Eşini ve oğlunu trafik kazasında kaybetti
Pezeşkiyan, 1994 yılında eşi Fatma Mecidi ve bir oğlunu trafik kazasında kaybetti, geriye kalan iki oğlunu ve bir kızını tek başına büyüttü ve bir daha evlenmedi.

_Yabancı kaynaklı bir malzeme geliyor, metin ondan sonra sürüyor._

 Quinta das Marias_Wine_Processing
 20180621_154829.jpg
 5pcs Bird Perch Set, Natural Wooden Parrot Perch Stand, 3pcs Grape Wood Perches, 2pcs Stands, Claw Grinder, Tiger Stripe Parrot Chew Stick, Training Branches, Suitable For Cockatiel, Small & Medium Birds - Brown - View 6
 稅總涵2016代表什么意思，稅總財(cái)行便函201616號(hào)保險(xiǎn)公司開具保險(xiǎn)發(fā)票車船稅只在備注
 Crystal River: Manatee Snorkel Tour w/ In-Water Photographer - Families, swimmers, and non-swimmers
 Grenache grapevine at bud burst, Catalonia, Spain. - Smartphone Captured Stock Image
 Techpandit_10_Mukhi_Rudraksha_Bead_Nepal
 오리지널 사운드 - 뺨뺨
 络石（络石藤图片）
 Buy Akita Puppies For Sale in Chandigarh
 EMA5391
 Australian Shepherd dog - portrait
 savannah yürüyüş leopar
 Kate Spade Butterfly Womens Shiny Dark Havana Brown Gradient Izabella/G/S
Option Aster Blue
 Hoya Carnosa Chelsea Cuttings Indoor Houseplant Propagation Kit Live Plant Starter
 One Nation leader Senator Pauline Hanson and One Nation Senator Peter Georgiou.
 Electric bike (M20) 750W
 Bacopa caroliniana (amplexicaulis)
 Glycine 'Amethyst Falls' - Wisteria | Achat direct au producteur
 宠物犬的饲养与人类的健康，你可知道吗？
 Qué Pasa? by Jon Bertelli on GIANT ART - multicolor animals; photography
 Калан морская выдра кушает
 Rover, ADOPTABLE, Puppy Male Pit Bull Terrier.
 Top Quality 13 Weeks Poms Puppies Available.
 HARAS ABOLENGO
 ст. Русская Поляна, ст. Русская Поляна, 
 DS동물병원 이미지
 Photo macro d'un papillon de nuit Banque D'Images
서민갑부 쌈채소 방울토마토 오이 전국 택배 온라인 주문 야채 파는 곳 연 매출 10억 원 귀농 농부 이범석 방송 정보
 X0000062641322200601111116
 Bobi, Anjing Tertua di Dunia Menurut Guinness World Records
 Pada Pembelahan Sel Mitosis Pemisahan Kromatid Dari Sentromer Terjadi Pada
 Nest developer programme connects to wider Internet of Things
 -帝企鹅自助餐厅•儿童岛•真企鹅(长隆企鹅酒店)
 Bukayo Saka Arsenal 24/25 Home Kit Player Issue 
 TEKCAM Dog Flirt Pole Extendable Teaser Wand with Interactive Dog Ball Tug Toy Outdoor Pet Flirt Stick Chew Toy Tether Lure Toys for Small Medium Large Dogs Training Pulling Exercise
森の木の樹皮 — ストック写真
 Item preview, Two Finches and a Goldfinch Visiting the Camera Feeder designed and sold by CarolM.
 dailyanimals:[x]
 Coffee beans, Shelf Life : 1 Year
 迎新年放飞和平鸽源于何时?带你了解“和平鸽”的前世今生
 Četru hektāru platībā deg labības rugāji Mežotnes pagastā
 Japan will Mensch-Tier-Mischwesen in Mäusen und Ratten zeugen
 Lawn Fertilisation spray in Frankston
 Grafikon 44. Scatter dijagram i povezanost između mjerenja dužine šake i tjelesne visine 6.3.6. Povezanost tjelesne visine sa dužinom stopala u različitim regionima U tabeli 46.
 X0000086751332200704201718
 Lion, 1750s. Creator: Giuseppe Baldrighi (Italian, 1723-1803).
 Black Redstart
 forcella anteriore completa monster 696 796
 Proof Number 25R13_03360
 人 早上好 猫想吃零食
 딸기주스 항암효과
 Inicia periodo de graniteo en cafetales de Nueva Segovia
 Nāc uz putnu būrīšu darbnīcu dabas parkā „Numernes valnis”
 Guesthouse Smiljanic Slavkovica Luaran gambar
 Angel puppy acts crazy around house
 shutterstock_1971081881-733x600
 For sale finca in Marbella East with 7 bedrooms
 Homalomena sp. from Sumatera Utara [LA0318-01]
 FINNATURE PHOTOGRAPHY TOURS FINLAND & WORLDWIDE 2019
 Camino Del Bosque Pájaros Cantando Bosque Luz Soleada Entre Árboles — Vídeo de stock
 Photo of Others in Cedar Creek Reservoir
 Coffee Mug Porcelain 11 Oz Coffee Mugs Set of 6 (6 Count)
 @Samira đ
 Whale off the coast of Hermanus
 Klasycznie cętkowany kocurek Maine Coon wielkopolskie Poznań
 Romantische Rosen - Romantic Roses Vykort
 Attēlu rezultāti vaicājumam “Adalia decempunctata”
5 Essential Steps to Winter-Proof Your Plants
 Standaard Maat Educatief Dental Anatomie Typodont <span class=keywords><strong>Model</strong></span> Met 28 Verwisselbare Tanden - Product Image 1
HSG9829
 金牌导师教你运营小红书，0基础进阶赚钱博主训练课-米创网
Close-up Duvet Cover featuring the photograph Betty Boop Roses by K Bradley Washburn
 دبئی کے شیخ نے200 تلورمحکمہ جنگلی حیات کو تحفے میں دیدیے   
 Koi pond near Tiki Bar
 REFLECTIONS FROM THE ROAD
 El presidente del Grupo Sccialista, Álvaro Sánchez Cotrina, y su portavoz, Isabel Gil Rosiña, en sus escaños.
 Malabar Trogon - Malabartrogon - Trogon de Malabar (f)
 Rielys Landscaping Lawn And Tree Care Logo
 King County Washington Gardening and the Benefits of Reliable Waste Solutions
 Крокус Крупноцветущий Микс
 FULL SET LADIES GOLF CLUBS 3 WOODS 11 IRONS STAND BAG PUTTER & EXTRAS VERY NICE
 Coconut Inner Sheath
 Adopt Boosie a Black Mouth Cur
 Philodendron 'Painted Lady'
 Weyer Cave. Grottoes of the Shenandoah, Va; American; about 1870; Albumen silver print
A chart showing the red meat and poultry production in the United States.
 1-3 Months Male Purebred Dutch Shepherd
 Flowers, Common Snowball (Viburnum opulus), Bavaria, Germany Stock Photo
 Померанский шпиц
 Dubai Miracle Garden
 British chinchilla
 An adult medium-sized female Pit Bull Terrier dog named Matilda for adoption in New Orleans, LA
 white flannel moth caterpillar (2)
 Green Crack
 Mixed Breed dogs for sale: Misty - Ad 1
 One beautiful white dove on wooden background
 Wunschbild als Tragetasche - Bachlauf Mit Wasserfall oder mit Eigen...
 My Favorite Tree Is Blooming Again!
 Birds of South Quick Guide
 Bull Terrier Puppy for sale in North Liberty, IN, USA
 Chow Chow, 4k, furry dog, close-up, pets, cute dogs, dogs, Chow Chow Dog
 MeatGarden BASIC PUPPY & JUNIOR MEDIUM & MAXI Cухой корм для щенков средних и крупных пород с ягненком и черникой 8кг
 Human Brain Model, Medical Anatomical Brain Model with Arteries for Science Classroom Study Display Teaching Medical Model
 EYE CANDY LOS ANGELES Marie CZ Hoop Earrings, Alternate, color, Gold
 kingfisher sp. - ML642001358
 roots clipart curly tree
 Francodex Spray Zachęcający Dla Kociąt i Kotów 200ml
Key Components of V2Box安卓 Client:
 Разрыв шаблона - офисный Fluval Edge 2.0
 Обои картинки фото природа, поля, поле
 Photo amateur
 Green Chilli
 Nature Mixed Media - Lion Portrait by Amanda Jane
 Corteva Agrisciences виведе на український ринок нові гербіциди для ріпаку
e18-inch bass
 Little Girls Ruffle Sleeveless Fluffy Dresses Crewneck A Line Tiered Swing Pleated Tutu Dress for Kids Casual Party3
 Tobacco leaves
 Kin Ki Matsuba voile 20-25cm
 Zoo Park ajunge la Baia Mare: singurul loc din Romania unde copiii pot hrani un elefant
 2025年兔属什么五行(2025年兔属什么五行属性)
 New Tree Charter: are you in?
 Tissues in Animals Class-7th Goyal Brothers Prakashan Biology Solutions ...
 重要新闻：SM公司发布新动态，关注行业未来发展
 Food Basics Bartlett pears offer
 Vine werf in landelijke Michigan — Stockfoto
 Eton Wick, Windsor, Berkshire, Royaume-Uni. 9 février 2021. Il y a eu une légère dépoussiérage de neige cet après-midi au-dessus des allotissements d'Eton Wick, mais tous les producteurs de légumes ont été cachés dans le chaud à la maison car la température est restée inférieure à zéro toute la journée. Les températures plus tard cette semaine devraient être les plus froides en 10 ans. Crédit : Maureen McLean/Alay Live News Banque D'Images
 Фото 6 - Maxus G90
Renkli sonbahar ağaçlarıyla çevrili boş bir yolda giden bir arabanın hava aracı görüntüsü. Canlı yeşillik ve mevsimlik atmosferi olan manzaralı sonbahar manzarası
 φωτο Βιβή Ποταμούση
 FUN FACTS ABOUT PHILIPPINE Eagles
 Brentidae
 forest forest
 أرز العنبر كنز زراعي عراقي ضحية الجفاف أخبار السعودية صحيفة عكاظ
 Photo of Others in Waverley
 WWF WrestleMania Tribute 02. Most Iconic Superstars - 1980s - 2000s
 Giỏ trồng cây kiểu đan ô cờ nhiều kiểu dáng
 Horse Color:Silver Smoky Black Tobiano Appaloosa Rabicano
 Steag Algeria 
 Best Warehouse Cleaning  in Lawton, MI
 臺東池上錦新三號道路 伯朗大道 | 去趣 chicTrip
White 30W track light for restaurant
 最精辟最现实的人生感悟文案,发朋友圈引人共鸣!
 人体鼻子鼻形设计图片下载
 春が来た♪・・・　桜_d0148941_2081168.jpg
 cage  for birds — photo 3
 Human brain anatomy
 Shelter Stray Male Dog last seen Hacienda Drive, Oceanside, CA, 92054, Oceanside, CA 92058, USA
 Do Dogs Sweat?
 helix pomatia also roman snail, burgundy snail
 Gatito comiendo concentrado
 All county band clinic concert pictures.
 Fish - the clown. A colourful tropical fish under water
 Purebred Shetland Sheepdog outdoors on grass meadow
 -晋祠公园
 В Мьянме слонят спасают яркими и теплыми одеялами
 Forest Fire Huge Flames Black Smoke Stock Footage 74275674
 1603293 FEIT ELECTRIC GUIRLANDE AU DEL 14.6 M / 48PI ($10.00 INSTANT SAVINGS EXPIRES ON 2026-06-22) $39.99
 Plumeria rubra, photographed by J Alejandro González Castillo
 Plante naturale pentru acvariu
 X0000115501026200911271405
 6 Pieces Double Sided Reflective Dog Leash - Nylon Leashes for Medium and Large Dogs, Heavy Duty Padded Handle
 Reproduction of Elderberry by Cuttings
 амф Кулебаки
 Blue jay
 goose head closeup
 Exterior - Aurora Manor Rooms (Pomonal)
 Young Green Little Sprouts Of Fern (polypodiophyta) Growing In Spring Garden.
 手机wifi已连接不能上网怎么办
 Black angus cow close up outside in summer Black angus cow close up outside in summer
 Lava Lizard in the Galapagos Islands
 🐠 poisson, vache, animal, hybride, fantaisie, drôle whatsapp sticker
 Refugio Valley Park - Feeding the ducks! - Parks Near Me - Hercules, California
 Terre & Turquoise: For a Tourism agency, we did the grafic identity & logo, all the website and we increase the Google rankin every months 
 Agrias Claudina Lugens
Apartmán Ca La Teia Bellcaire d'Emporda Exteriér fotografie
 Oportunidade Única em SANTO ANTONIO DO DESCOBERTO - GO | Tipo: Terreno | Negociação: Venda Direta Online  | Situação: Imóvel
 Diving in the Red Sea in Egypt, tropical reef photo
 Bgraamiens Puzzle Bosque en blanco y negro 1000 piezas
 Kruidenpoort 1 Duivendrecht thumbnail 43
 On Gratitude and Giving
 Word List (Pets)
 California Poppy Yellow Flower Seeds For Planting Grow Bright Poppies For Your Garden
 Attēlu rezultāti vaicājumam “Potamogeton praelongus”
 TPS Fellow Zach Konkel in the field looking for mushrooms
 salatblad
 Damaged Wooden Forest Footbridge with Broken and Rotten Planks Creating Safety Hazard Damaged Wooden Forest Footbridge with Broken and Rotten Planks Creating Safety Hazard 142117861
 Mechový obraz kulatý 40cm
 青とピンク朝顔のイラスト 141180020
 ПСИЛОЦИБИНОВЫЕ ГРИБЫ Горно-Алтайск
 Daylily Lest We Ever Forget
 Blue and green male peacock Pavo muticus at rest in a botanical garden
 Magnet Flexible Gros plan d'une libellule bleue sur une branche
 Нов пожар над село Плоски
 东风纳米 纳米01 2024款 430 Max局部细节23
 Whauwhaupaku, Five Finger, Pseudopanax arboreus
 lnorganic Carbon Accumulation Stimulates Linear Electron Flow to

Pezeşkiyan'ın bu kaybı ve özveri hikayesi, onu şefkatli ve dirençli bir figür olarak gören İran toplumundaki birçok kişiden sempati ve saygı kazandı.
Pezeşkiyan'ın siyasi hayatı, eski Cumhurbaşkanı Muhammed Hatemi döneminde 1997 yılında Sağlık Bakanı Yardımcısı olarak atanmasıyla başladı. Daha sonra Hatemi döneminde 2001'de Sağlık Bakanı olarak atandı, 2005'e kadar bu görevde kaldı.
Ülkede 2008'de yapılan genel seçimde Tebriz Milletvekili olarak Meclis'e girmeyi başaran Pezeşkiyan, o tarihten bu yana beş dönem Tebriz'i temsilen görev yaptı.
Batı'yla iyi ilişkileri destekledi
Pezeşkiyan, hükümetin muhaliflere karşı tutumuna sert eleştirilerden geri durmadı. 2009'daki cumhurbaşkanı seçimi sonrası çıkan olaylardan sonra Meclis'te güvenlik güçlerinin müdahalelerini eleştiren bir konuşma yapan Pezeşkiyan, muhafazakar vekillerle gerginlik yaşadı.
İran'da 2013'teki cumhurbaşkanı seçimlerine adaylık başvurusu yapan ancak daha sonra adaylığını geri çeken Pezeşkiyan, 2016'da İran Meclis Başkan Yardımcısı olarak 4 yıl görev yaptı. Bu süreçte nükleer anlaşma ve Batı'yla iyi ilişkileri savundu.
Pezeşkiyan'ın 2021'deki seçimlerdeki adaylık başvurusu ise Anayasayı Koruyucular Konseyi tarafından reddedildi. 1 Mart'ta yapılan Milletvekili Seçimlerinde ise Tebriz Milletvekili olarak yeniden Meclis'e girdi.
Mahsa Emini'nin ölümünden sonraki açıklamaları
İran'da Eylül 2022'de Mahsa Emini adlı genç bir kadının polis nezaretinde hayatını kaybetmesinin ardından devlet televizyonunda katıldığı bir programda konuşan Pezeşkiyan, kadınlara zorunlu başörtüsü yasasından kaynaklı müdahalelerin durumu kötüleştirdiğini ve sona erdirilmesi gerektiğini söyledi.
Pezeşkiyan, "Biz çocuklarımızın iffetli olmasını istiyoruz ancak bu davranışlar onları dinden uzaklaştırıyorsa bu yöntemi sürdürmemeliyiz." ifadelerini kullandı.
Ekonomi ile adalet konusundaki sorunları çözme vaadi
Eski Cumhurbaşkanları Muhammed Hatemi ile Hasan Ruhani, eski Dışişleri Bakanı Muhammed Cevad Zarif gibi isimlerin açık desteğini alan Pezeşkiyan, seçim kampanyalarında, ülkedeki "etnik ve mezhebi ayrımcılık" ile zorunlu başörtüsü sorununa vurgu yaptı. Ekonomi ile adalet konusundaki sorunları çözeceğinin vaadini verdi.
İnternet yasaklarını da büyük oranda kaldıracağının sözünü veren Pezeşkiyan, iç ve dış politikada önemli reformlar ve Batı ile daha iyi ilişkilerin kurulması gerektiğini belirtti.
Pezeşkiyan, 2005'ten sonra İran'da cumhurbaşkanı seçilen ilk reformist isim oldu.